Quelques précautions

  1. Ferreiro & al. (2000) ont montré que tous les élèves passent par toutes ces hypothèses dans le même ordre. Ils passent tous d’abord par l’hypothèse pré-syllabique, puis par l’hypothèse syllabique, puis par l’hypothèse syllabico-alphabétique, et enfin par l’hypothèse alphabétique de l’écriture. Cependant, un élève peut très bien passer rapidement d’une hypothèse à l’autre, puis rester longtemps dans la suivante tandis qu’un autre élève peut passer rapidement chacune de ces étapes. Il se peut également qu’un enseignant perçoive que l’élève soit passé directement de l’hypothèse pré-syllabique à l’hypothèse syllabico-alphabétique. Cela signifie soit que le passage par l’hypothèse syllabique a été très court, soit qu’elle s’est passée en dehors du cadre scolaire. Ceci signifie qu’il ne faut pas attendre la même chose de tous les élèves en même temps. Par contre, tous les élèves doivent être stimulés par des actions pédagogiques qui leur permettent de remettre en question, de faire évoluer leurs représentations, leur compréhension du principe alphabétique. C’est la tâche de l’enseignant qui adapte ses actions pédagogiques selon l’analyse des besoins de ses élèves. Il peut, par exemple, les regrouper en groupes de besoins dont la composition évoluera en fonction de l’évolution des représentations de chacun. Et puisqu’il n’existe que quatre types d’hypothèses relatives à la compréhension du principe alphabétique, l’enseignant ne doit différencier son action que pour au maximum quatre groupes de besoins (souvent deux ou trois).
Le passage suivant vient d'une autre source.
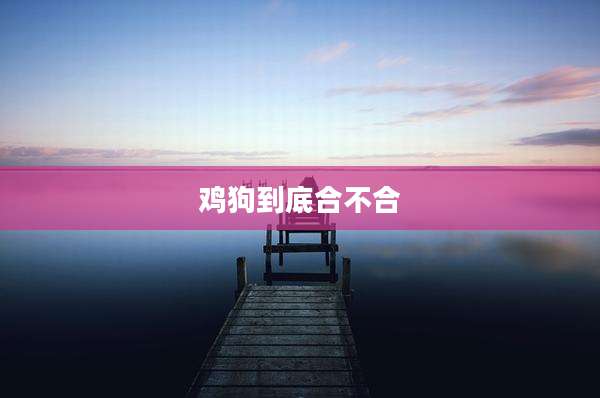 鸡狗到底合不合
  2. Les types d’hypothèses proposées par Ferreiro & al. (2000) ne sont pas figées ! Un élève peut très bien formuler plusieurs hypothèses en même temps. L’existence même de l’hypothèse syllabico-alphabétique en atteste. L’élève n’est pas dérangé par la coexistence de plusieurs types de représentations. Cela signifie qu’il ne faut pas forcément essayer de classer tel élève dans tel type de représentation, dans telle hypothèse. Ce n’est pas toujours aussi simple !
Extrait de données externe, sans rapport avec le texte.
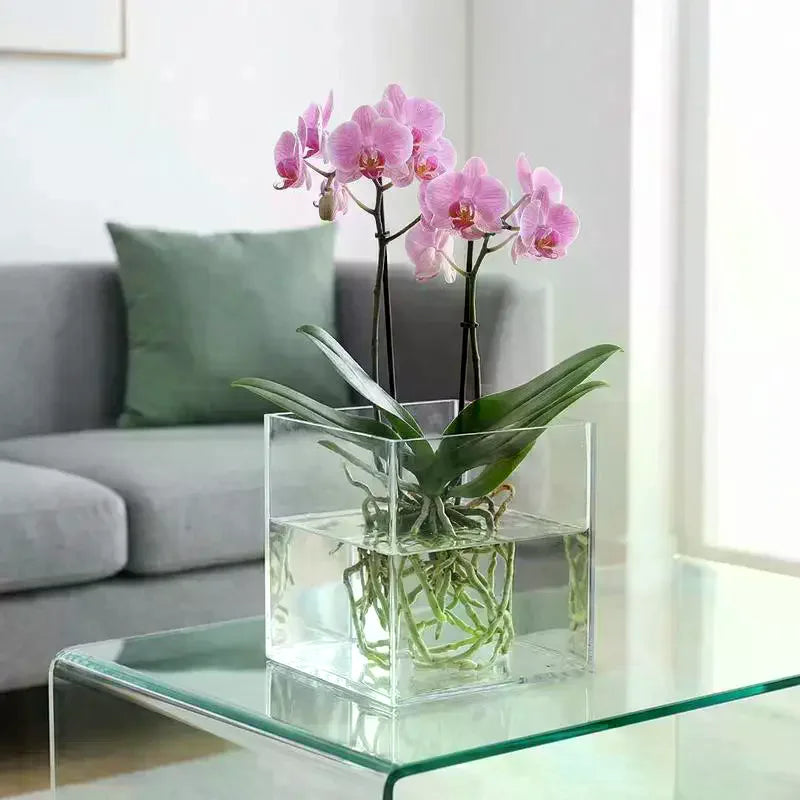 cube verre transparent moderne pot culture plantes intérieur extérieur 8cm 10cm 12cm 15cm 18cm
  3. Tous les élèves de maternelle ne parviendront pas à accéder à la compréhension du principe alphabétique avant l’entrée en primaire. Ce n’est pas grave. L’école primaire prendra le relais. On ne peut pas attendre de tous les élèves la même chose au même moment ! Nos classes sont très hétérogènes et les rythmes d’apprentissage variés. De plus, il s’agit d’un apprentissage, d’une construction évolutive, qui nécessite la remise en question d’hypothèses formulées par l’élève, de représentations, ce qui nécessite une inscription dans la durée. L’essentiel est d’entrer dans une démarche qui consiste à analyser les hypothèses des élèves pour adapter l’action pédagogique en fonction de cette analyse (Cf. Démarche diagnostique positive pour l’action pédagogique).